Poemas de Adán Echeverría

Jaguar

(Panthera onca)

 

¿Qué sentido puede tener la selva si el jaguar no la recorre?

Miedo de encontrarse al acecho. Ser presa indeterminada.

El viento trae los olores de la sangre

hasta enarbolar rugidos en el eco de las calles vegetales.

Giran las hojas de los ficus

atrapando la sensual sombra de este dios de ámbar.

Hay que buscar en la agonía del venado

esa furia que desprende en la carrera.

Persecución de muerte sobre el cuello:

líquido jaguar de la memoria.

En el malestar de los cenotes,

la verde duermevela extiende sus finos pasos por las enramadas:

jaguar sin destino de quimera.

Y ese dios que nos asiste,

tuerce la cola pero no desespera sobre las ramas del cedro,

reposando la violencia del enigma se transformó en piedra.

En el artesanal jade se ha establecido el destino de su historia,

y caerá la estrella de su época hasta la oscuridad abierta del cenote.
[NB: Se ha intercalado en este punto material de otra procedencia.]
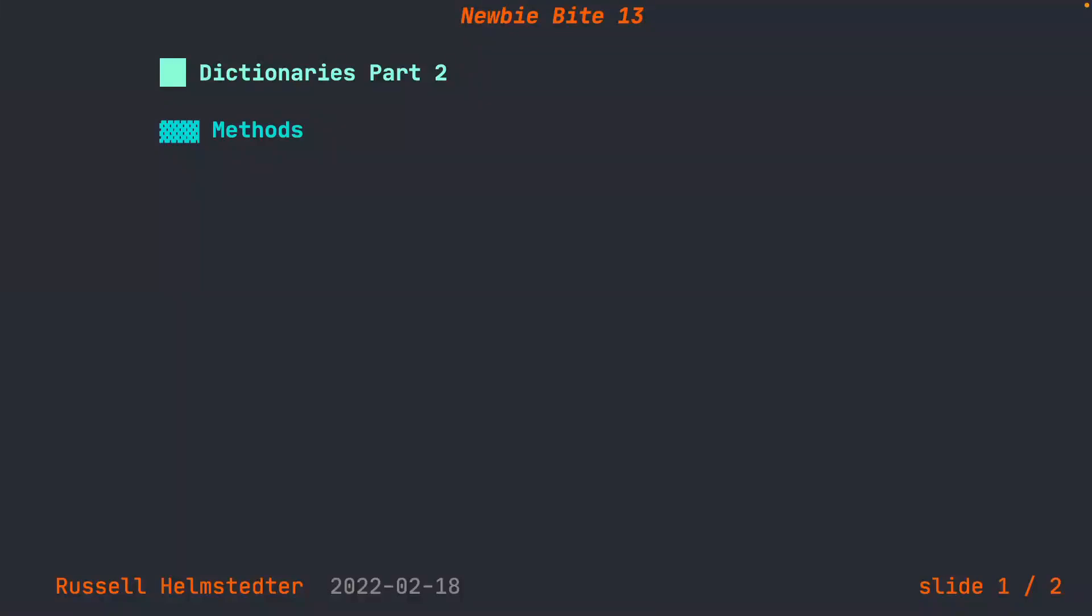Hi, everyone. Today is NewbieByte number 13, Dictionaries Part 2. We're going to dive into dictionary methods. Currently, dictionaries have 11 methods. This is as of Python 3.10.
Enmohecido silencio, dactilar presencia:

el jaguar camina arrastrando sombras.

Levanta la vista,

trepa el orgullo hasta la despedida de la lluvia…,

¿y las garras?, imploración de sangre herbívora.

 

 

Yaguarundi

(Herpailurus yagouarondi)

 

Antes que la noche quiebre las estrellas en el horizonte,

cuando el viento aleje la sensación de odio

y nazca de la aurora el vaticinio de ser explorado

por el ojo de vidrio de los sapos.

Mucho antes que los carrizales pidan auxilio al aire

y siembre luz el sol en la sabana

el yaguarundi retornará los pasos

hasta la yugular del equilibrio.

Desenvolver silencio de los prados.

La ruina de la carne que deshebra

el misterio de transmutar energía.

Oscuro corredor nocturno

remolino de ausencia impregnando deseos

indócil pestañar de la laguna:

el yaguarundi, en el remanso del cenote

acecha.

Piel antigua separando madrugadas.

Piernas acortadas

hacia la carrera ágil de la sombra

que descuelga sus mordidas.

Sigilosa presencia de amarillos ojos.

Tatuado en el depredar de la memoria que surge

de la planicie vasta, el yaguarundi permanece atrapado

en la esencia primigenia de las ceibas.

 

 

Mono aullador

(Alouatta pigra)

 

Esperar los dientes de sol sobre la heladez de la ventisca. Latente angustia al despuntar amaneceres. Ellos permanecen colgados en el deterioro de los cedros, arrimados unos contra otros, inaugurando partituras estridentes.

Empecinados en conquistar la solemne presencia del círculo anaranjado en el horizonte, los aulladores vierten alaridos a la muchedumbre de pájaros.

Estos monos se pasean por las ramas arañando el vértigo. Silencian los costados de la muerte que desgarra los cedros, donde atisban la creciente luz, contemplando las fauces de sus depredadores que esperan su descenso a beber agua. Los aulladores agitan la furia de sus hocicos mientras intentan someter el remolino que crece en la oscuridad de su garganta.

 

 

Foca monje

(Monachus tropicalis)

 

Se consumió la sal.

Derrotado, el océano se tragó tu historia.

Se han colgado en la memoria los silencios de angustia:

naufragar, con los milagros, la existencia.

El devenir del tiempo consume traumas y se alejan las olas y la transparencia.

Siglos ha que retozabas sobre las playas vacías de los litorales.

Hasta que el europeo colonialista (proclamador de muerte)

comprendió la belleza de tu piel impermeable.

 

Hablan las bitácoras de los barcos:

— Era imposible acercarse a playa alguna en esta Península de Yucatán. La contaminación del aire resultaba insoportable. Los cadáveres de las focas monje, esparcidos en la arena, espectáculo apocalíptico dibujado en nuestras costas.